## Work required
Reproduce what is written in the records below exactly, and leave out the images.

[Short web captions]
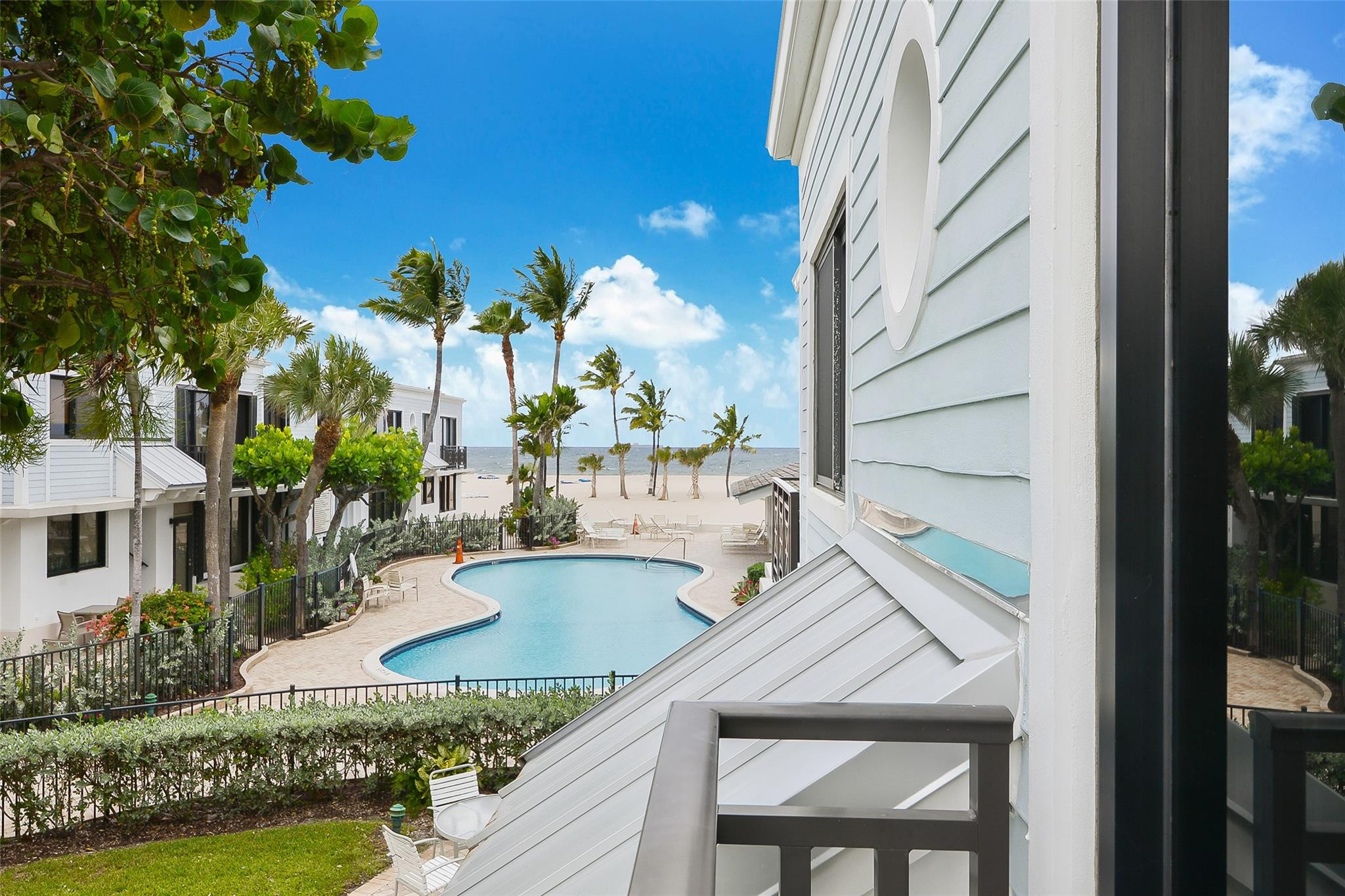 1630 S Ocean Lane 235 Property Photo 8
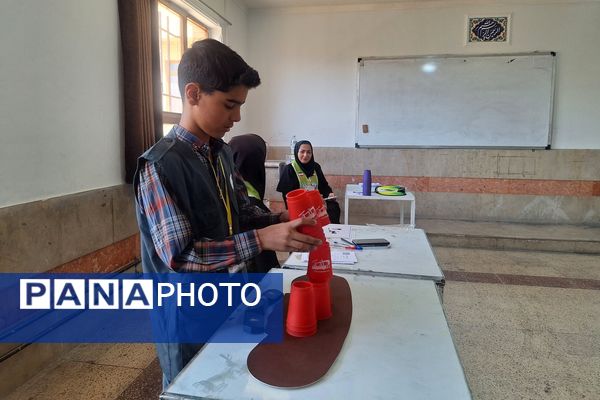 مسابقات بازی‌های فکری رویش مرحله استانی در شیراز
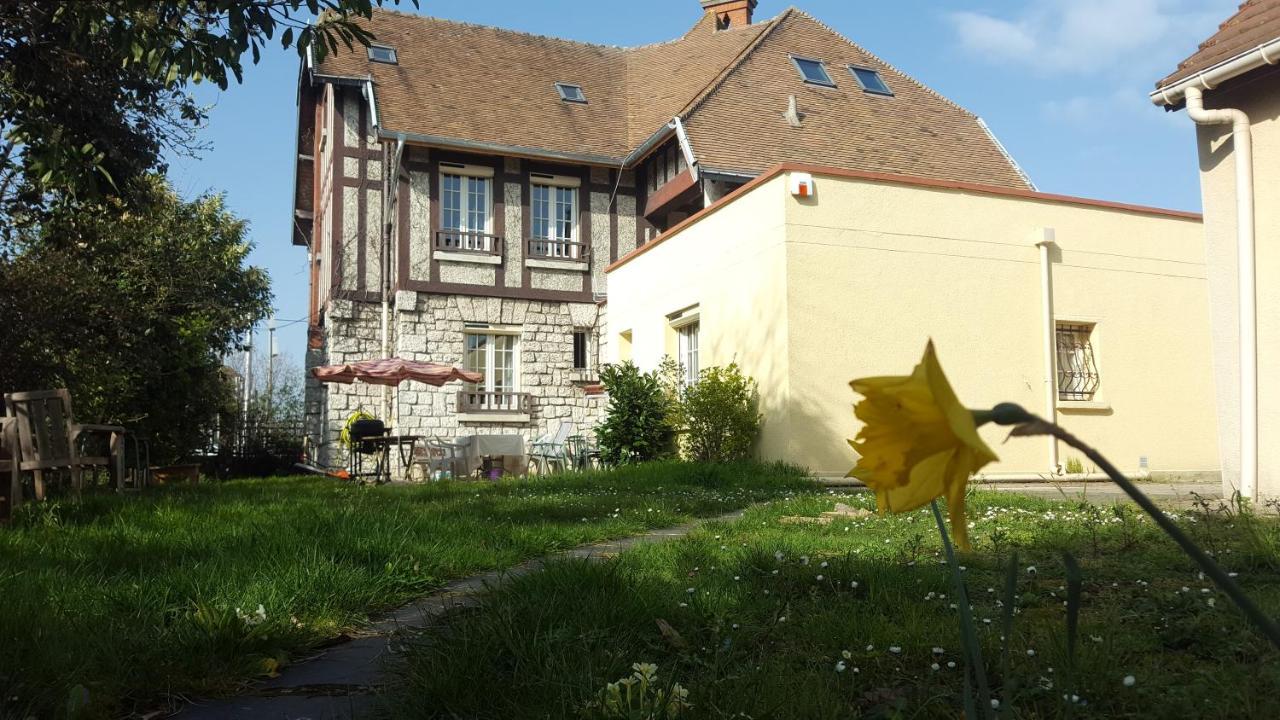 Apakabar Homestay - Proche Gare Melun, Parking Prive, Netflix La Rochette  Bagian luar foto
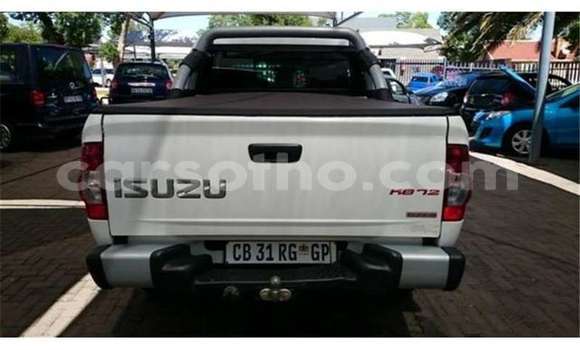 Buy Used Isuzu KB White Car in Maputsoa in Leribe Buy Used Isuzu KB White Car in Maputsoa in Leribe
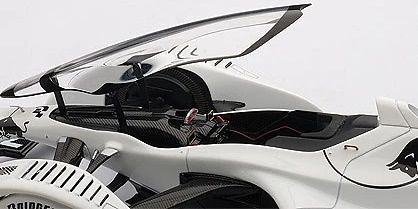 AUTOART RED BULL X2010 WHITE 1:18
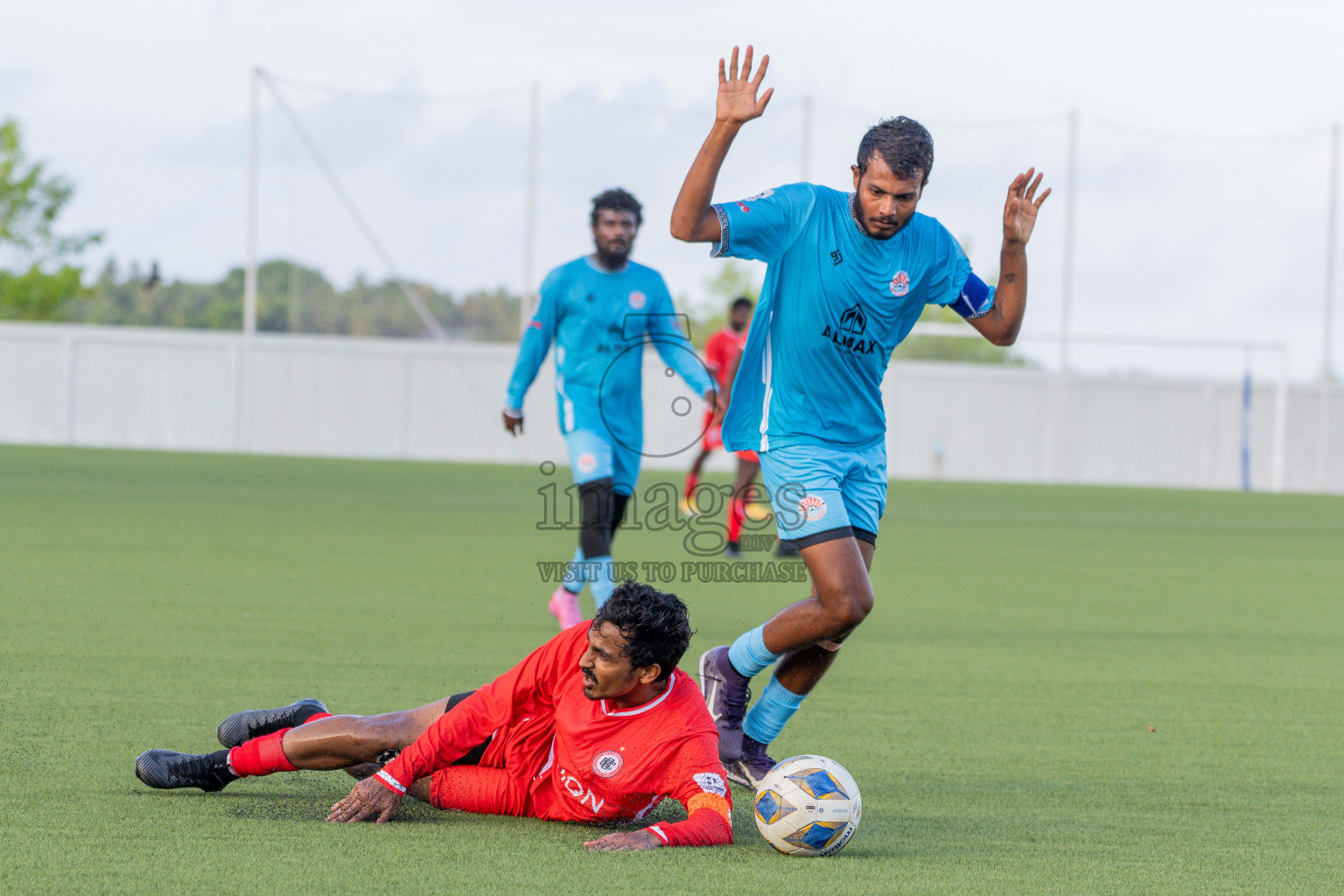 Semi Finals Match 01 Irumathi FC VS CC Sports Club in Day 7 of Eydhafushi Cup 2025 held in Eydhafushi Football Stadium at B. Eydhafushi, Maldives on Friday, 12th September 2025. Photos: Arif Rasheed / images.mv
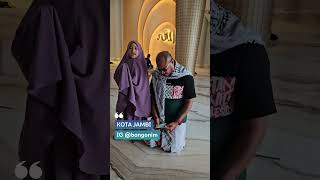 ANAK KECIL INI BACA PUISI BIKIN MENYAYAT HATI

## Reply to the task
 1630 S Ocean Lane 235 Property Photo 8
 مسابقات بازی‌های فکری رویش مرحله استانی در شیراز
 Apakabar Homestay - Proche Gare Melun, Parking Prive, Netflix La Rochette  Bagian luar foto
 Buy Used Isuzu KB White Car in Maputsoa in Leribe Buy Used Isuzu KB White Car in Maputsoa in Leribe
 AUTOART RED BULL X2010 WHITE 1:18
 Semi Finals Match 01 Irumathi FC VS CC Sports Club in Day 7 of Eydhafushi Cup 2025 held in Eydhafushi Football Stadium at B. Eydhafushi, Maldives on Friday, 12th September 2025. Photos: Arif Rasheed / images.mv
 ANAK KECIL INI BACA PUISI BIKIN MENYAYAT HATI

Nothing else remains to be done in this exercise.